United States District Court, E.D. Pennsylvania

April 27, 2018

MORLOK, et al.,


          Baylson, J.

         In this case, Plaintiffs William Morlok, Adam Novick, and Theodore Lewis allege that Defendant City of Philadelphia violated their federal constitutional rights when it amended a statutory scheme under which parking spaces were reserved exclusively for use by electric vehicles by making them available for use by any vehicle for twelve hours per day. Plaintiffs, who seek to represent a putative class of individuals who applied and were granted approval for the designation of these reserved parking spaces next to electric vehicle chargers they had paid to install near their homes, bring due process, equal protection, and unjust enrichment claims against the City. Presently before the Court is a Motion to Dismiss all three Counts of the Complaint for failure to state a claim for which relief can be granted, filed by the City. For the reasons discussed below, Defendants' motion is granted in full.

         I. Factual and Procedural History

         Taking Plaintiffs' allegations as true, the factual background is as follows.

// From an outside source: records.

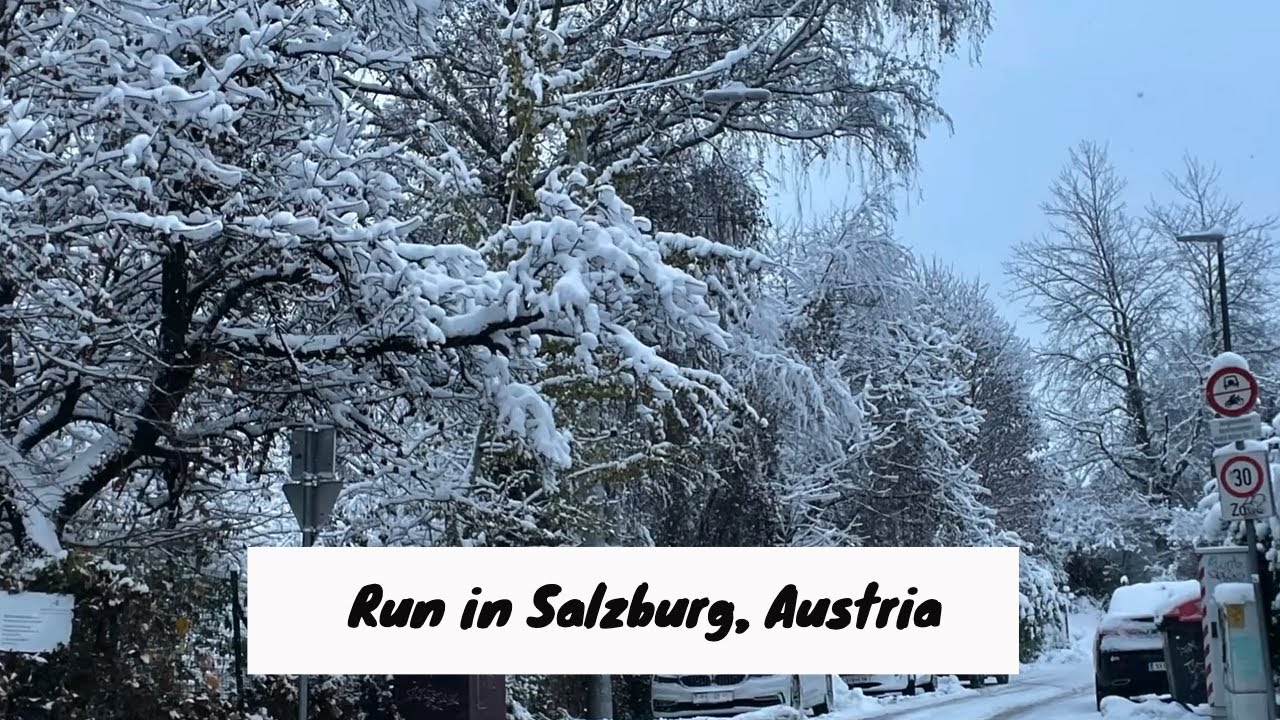 Salzburg Run | December 2022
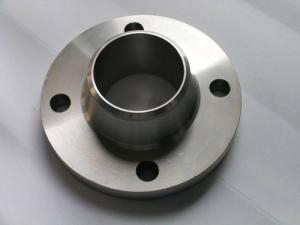 China Gost 12820 A105 Carbon Steel Forged Flanges Pn10 Pn16 4 Inch Weld Neck factory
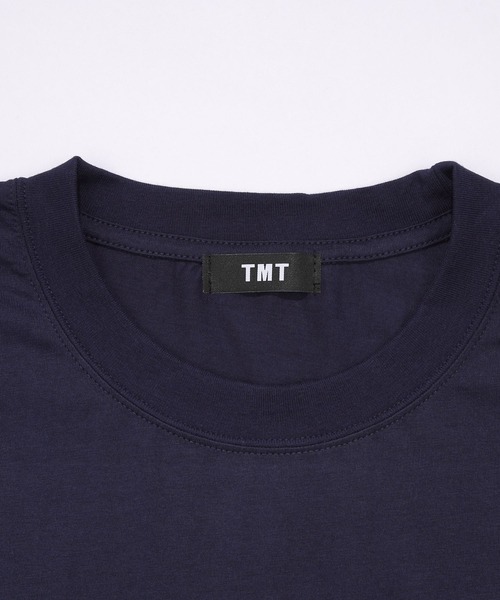 TMT（ティーエムティー）の「【TMT×ドラゴンボール】  コットンTシャツ（悟空）（Tシャツ/カットソー・メンズ・ネイビー/ホワイト・MEDIUM/LARGE/X-LARGE/XX-LARGE）」の7枚目の写真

Plaintiffs William Morlok, Adam Novick, and Theodore Lewis are all adults who reside within the city limits of Philadelphia, Pennsylvania. (ECF No. 1, Complaint. ¶¶ 4-6.) On or about November 1, 2007, the City Council of the City of Philadelphia enacted Section 12-1131 of the Philadelphia Code, entitled “Electric Vehicle Parking.” (Id. ¶16.) Section 12-1131 provided for the Philadelphia Parking Authority to designate reserved on-street parking for electric vehicles, upon an investigation confirming such a need. (Id.) It laid out a process for applications for these reserved parking spaces which were to be “for the exclusive use of electric vehicles.” (Id.) It specified that applicants must provide proof that an electric vehicle is owned or leased by an individual who resides at the address where the reserved parking space is sought; proof that the owner of the property, if not the applicant, consents to the application; and proof of approval from the Pennsylvania Department of Transportation for the installation of an electric vehicle charger at the curb next to the parking space. (Id.) Approval of applications was left to the discretion of the City. (Id. ¶ 17.) Once an application was granted the Streets Department was required under the legislation to put up signage around the parking space indicating that it was reserved exclusively for electric vehicles. (Id. ¶ 18.)

         Following the enactment of Section 12-1131 Plaintiffs each applied to the Philadelphia Parking Authority for designated electric vehicle parking spaces. (Compl. ¶ 20.) Plaintiffs each took several actions leading up to making those applications, paid all fees associated with the applications, and submitted all required materials for the applications. (Id. ¶¶ 19-20.) Each Plaintiff additionally paid for and arranged the installation of an electric vehicle charger on the curb adjacent to the area he or she had submitted for a reserved electric vehicle parking space. (Id. ¶ 21.) The applications submitted by Plaintiffs and members of the Putative Class were approved by the PPA.[1] (Id. ¶ 23.)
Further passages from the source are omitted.